First posted July 20, 2007
Posting Eileen Claussen's op-ed piece (below) reminded me that the Pew Center had invited Enron's Ken Lay to join their Business Environmental Leadership Council, which invite he jumped at, Enron was going to make a killing in post-Kyoto cap-and-trade.
That leads me to one of my favorite links in the vault, the transcript of a March 3, 2000 (21 months to the really big bankruptcy filing) roundtable discussion "Domestic Emissions Trading of Greenhouse Gas Credits". Batting lead-off, the Senator from GE's home state, Joltin' Joe Lieberman. More interestingly though (sorry, Joe it's true), batting cleanup, the Enron representative really does come across as "The Smartest Guy in the Room" (that ENE link is kinda funny, in a morbid sort of way)
Senator Joseph Lieberman (D-CT)
Dan Lashof, Natural Resources Defense Council
Joe Goffman, Environmental Defense
John Palmisano, Enron Corporation
Jon Naimon, Light Green Advisors
Ray Kopp, Resources for the Future
Sue Gander, Center for Clean Air Policy
John Palmisano, ENE:
MR. PALMISANO: I'll choose to sit and I'll choose to be brief.
Let me make some quick comments on the general subject of early crediting. Sometimes we confuse the words "crediting," "allowance trading," and "emissions trading." In fact, in the PPI paper, "credit" is used when the right word should be "quota," "allowance," or "allocation." Clarity in language is important because credit and allowance systems develop according to different regulatory paths.
Both "credit" trading systems and "quota" trading systems produce very good environmental and economic results, end of story. However, with these programs, we are creating property rights, we are creating money, and that's a fact. The companies that will receive the allocations are going to have an off-book asset, and that is a fact too. That is why care in describing these systems is important we are creating the environmental equivalent of money.
I'd commend everyone to look at the Heinz Center study that was done about two- and-a-half years ago. This study was funded by a variety of different sources and looked at, among other issues, the question of what the potential windfall profits could be for selected companies and sectors. No company today has greenhouse gas credits or quotas on their financial books, to the best of my knowledge. Greenhouse gas quotas will be an off-book asset, so some companies are going to get a windfall financial gain.

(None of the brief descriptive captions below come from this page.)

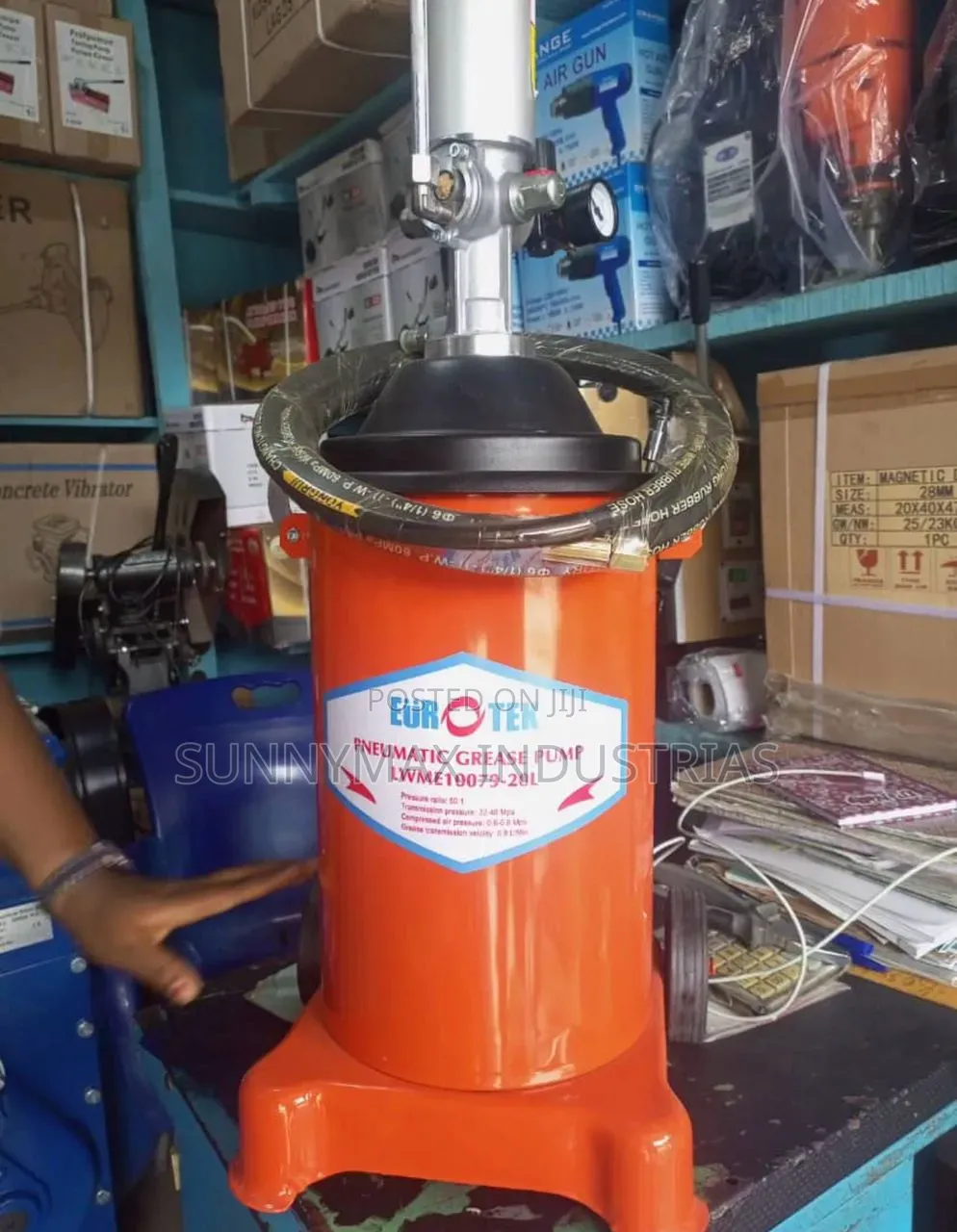 Pneumatic Grease Pump 40liters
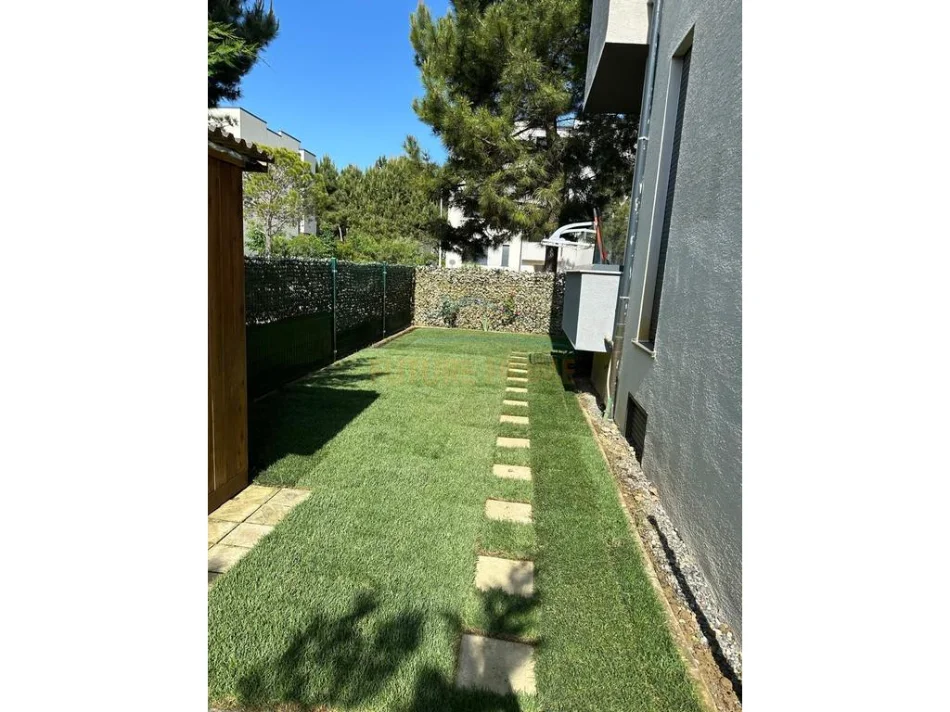 Tirane, shitet apartament 1+1+Ballkon Kati 0, 66 m² 270.000 € (Hamallaj)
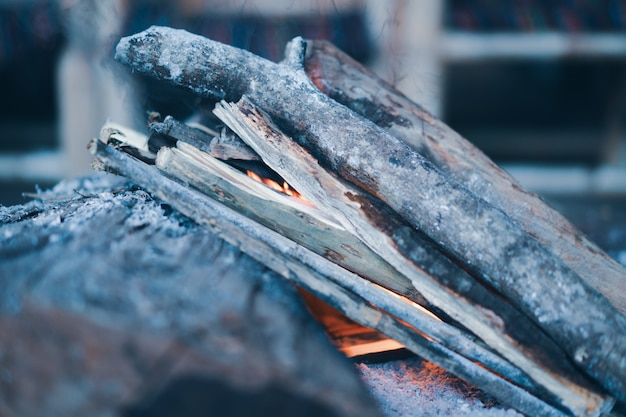 Fogo acender com varas de madeira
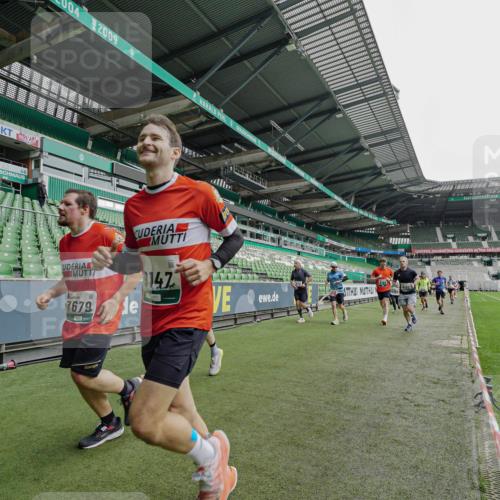 05.10.2025 - 20. swb-Marathon Bremen Michael Burmester http://msf.ph/oto/9237075 05.10.2025 12:59:47 Laufen im Stadion 27, 99, 226, 627, 807, 860, 954, 978, 1043, 1516, 1525, 1548, 1598, 1711, 1843, 1854, 2609, 2663, 2782, 2866, 2941, 2945, 3086, 3087, 3104, 3169, 3230, 3592, 3747, 3783, 3888, 4181, 4220, 4380, 4395, 4486, 4536, 4824, 4827, 5493, 5510, 6030, 6126, 6374, 6439, 6536, 6674, 6881, 7201, 7262, 7295, 7307, 7398, 7421, 7467, 7511, 7537, 7598, 7679, 7906, 7929, 8097, 8214, 8258, 8372, 8485, 8699, 8981, 9072, 10526, 219, 586, 667, 1229, 1843 meine-sportfotos.de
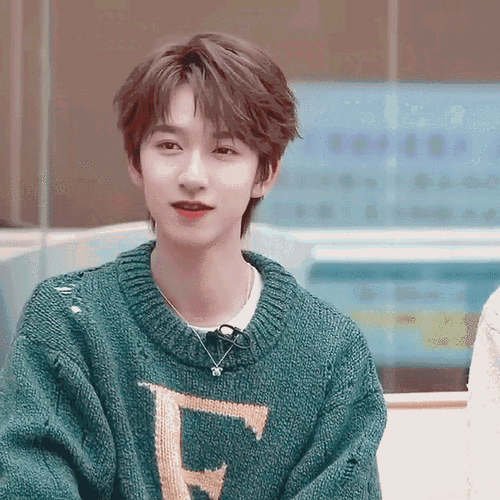 哈哈哈一个堂皇的小绿人一秒收起笑容@时代少年团-贺峻霖#贺峻霖 令人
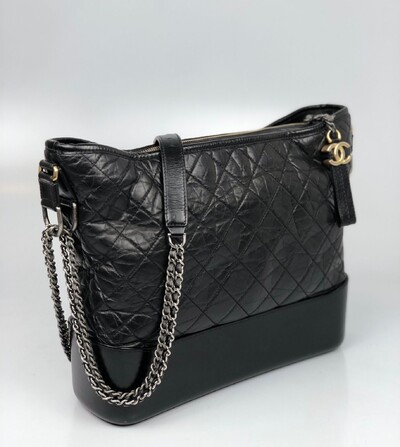 FotoBolsa Chanel Gabrielle Aged Calfskin Medium Preta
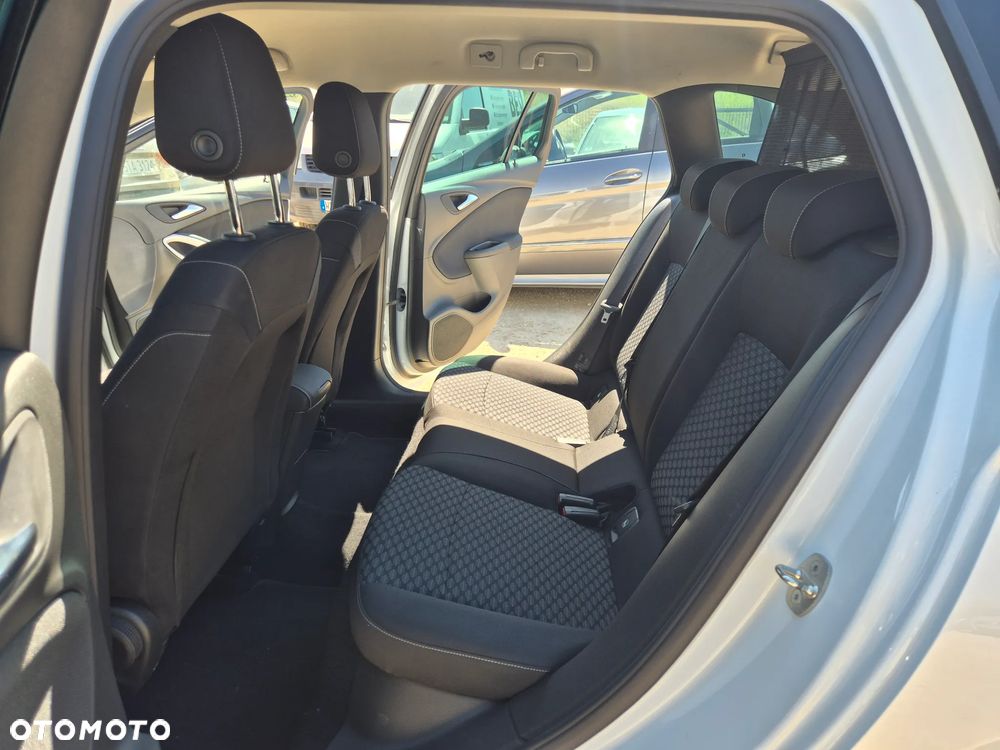 Opel Astra 1.2 Turbo Start/Stop Elegance - 6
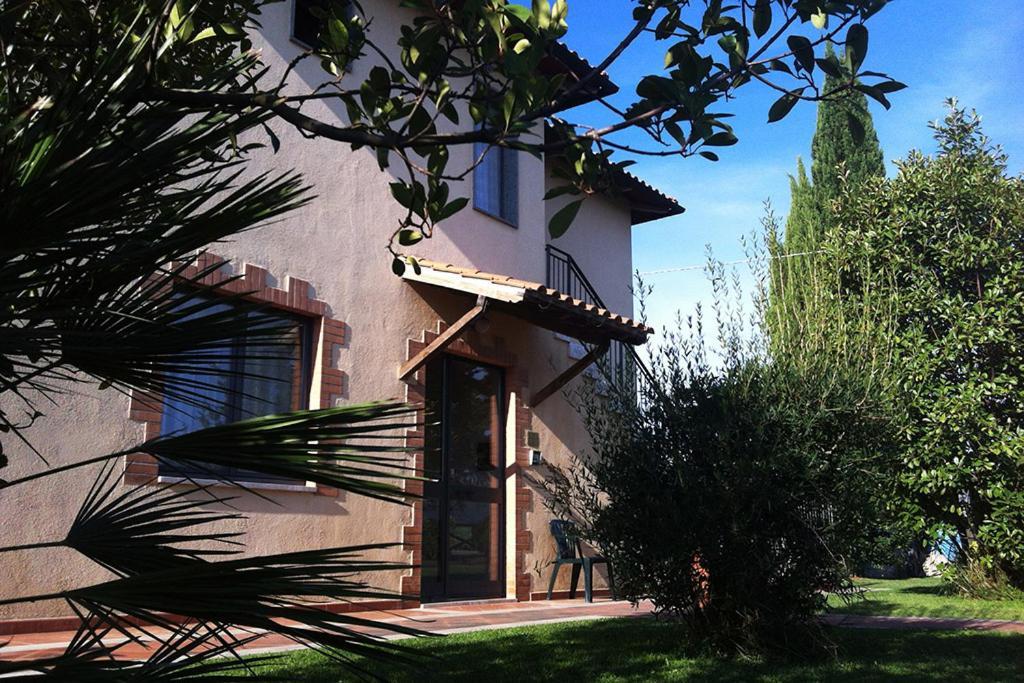 Agriturismo Poggio Alle Calle Saturnia Exterior photo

Is that a bad thing? I don't think so, because in the long run we're probably going to achieve a good environmental outcome. However, in the short-run, a lot of money on the table certainly attracts lots of people's interest. That's the political reality in the world that I live in. And when you're allocating a $100 billion pie, or in fact, a potentially larger pie than that, even a small slice of that pie is pretty valuable....MUCH MORE (it's a four de force of a pitch)
Man they were set to game that Kyoto sucker.